St. Louis Federal Reserve President James Bullard on Friday said he wanted to cut interest rates this week to guard against an outlook of slowing growth and weak inflation.
In a brief statement posted on his bank’s website, Bullard said that lowering interest rates this week “would provide insurance against further declines in expected inflation and a slowing economy subject to elevated downside risks.”
The Fed voted 9-to-1 to hold its benchmark short-term rate steady on Wednesday with Bullard as the sole dissenter. It was the first dissent under Fed Chairman Jerome Powell’s tenure.
See: Fed holds steady, removes ‘patient’ language
Powell acknowledged at his press conference that the case for policy easing had strengthened but said many Federal Open Market Committee members wanted more evidence about the economy before easing policy. Most Wall Street economists think the central bank will cut interest rates this year, with many seeing a move at the next FOMC meeting in late July.
Read: What would it take to stop a July rate cut? A lot.
Bullard said a quarter-point rate cut this week would have been the most appropriate course of action.
He said that core and headline inflation, as measured by the Fed’s preferred personal consumption expenditure index, have declined substantially since the end of last year and are now running some 40 to 50 basis points below the Fed’s 2% inflation target.
Market-based measures of inflation expectations have also weakened, he said.
“The forces that are keeping inflation below target seem unlikely to be solely transitory,” Bullard said.
At the same time, Bullard said economic growth is expected to slow for the rest of the year and uncertainties about the outlook have “recently increased.”
“Even if a sharper-than-expected slowdown does not materialize, a rate cut would help promote a more rapid return of inflation and inflation expectations to target,” he said.

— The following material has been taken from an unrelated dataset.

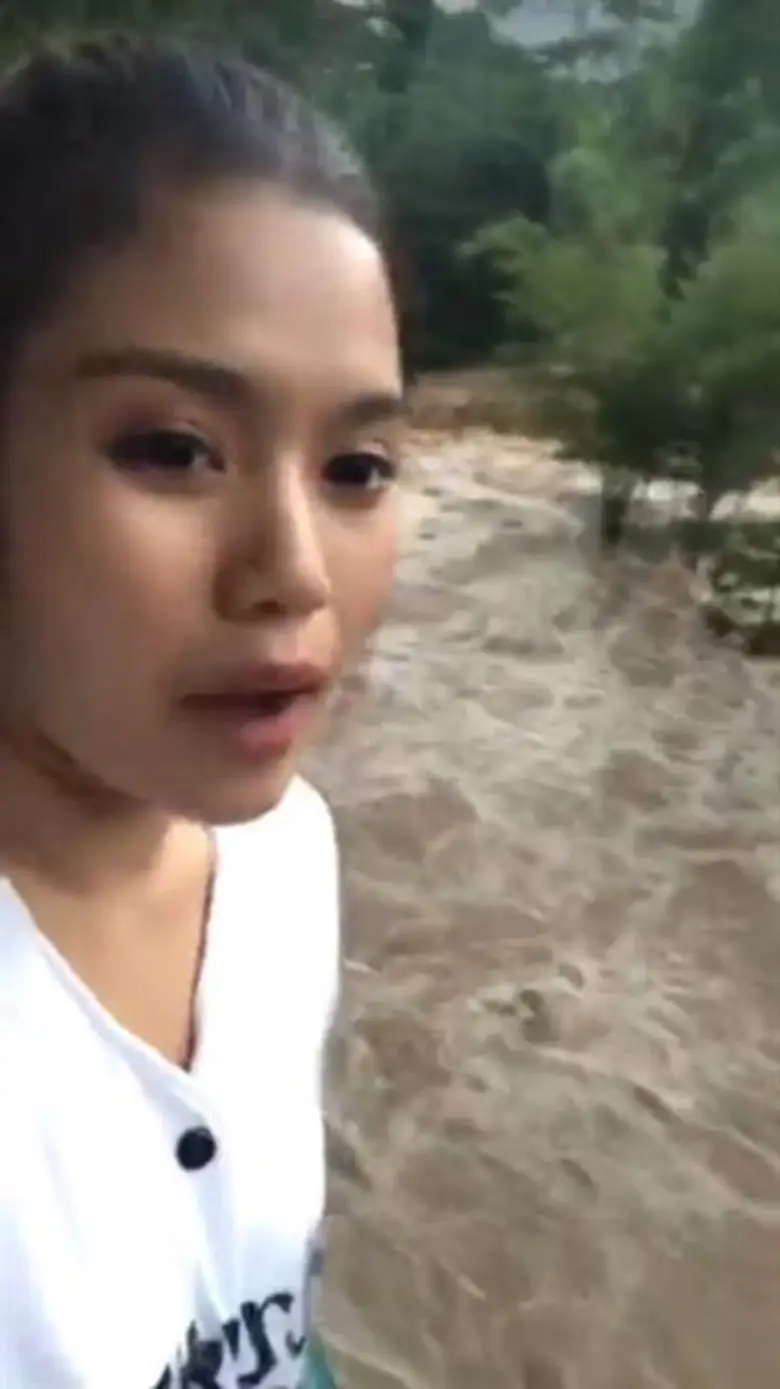 “เบิ้ล ปทุมราช เผยนาทีระทึกน้ำป่ามา ต้องพาทีมกองถ่ายวิ่งวุ่นขึ้นที่สูง”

In an interview on Bloomberg Television shortly after Bullard’s statement was released, Fed Vice Chairman Richard Clarida stressed that he thought the economy would continue to grow but tied rising worries to global trade tension.

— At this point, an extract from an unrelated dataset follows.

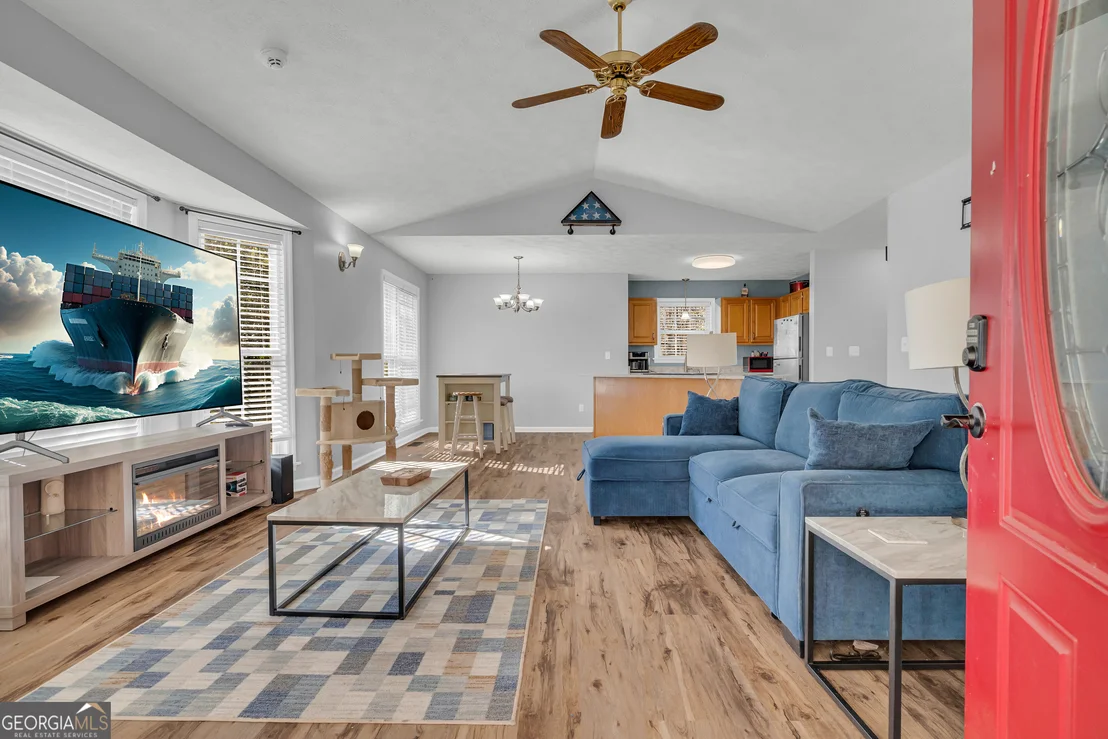 Photo of 415 Ivory Drive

“I think our outlook is for a sustained economic expansion. We could see some moderation in growth this year, but the economy’s baseline outlook is good: sustained growth, a strong labor market and inflation near our objective,” he said.
With this bright backdrop, Clarida said the talk about rate cuts was due to rising uncertainty about the outlook over the last six to eight weeks.

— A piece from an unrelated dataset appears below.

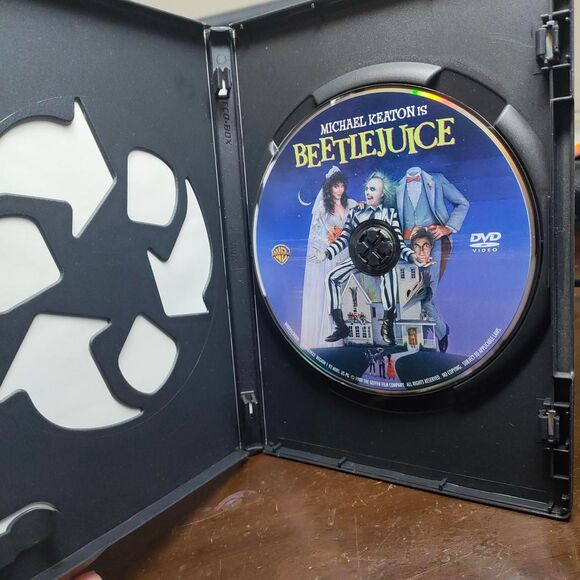 Beetlejuice 20th Anniversary Deluxe Edition DVD - Picture 3 of 4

“There has been a marking down of global growth prospects, there is uncertainty about international trade.There is some evidence that is weighing on sentiment a bit , so we’re monitoring that closely and we will act as appropriate to sustain [the] expansion,” Clarida said.
Still, Clarida said the case for “accommodation” has increased since the spring.
“We have the tools necessary to sustain expansion, a strong labor market and stable prices and as appropriate we will deploy those tools to achieve those goals,” he said.
“I don’t think we’re stuck at all,” he said.
U.S. stock futures were pointing to a weaker start for the Dow Jones Industrial Average DJIA, +0.94% on Friday. The yield on the 10-year Treasury TMUBMUSD10Y, +0.24% was 2.06%, down from around 3.2% in November. The yield on the 2-year Treasury TMUBMUSD02Y, -0.54% fell 3 basis points to 1.76%.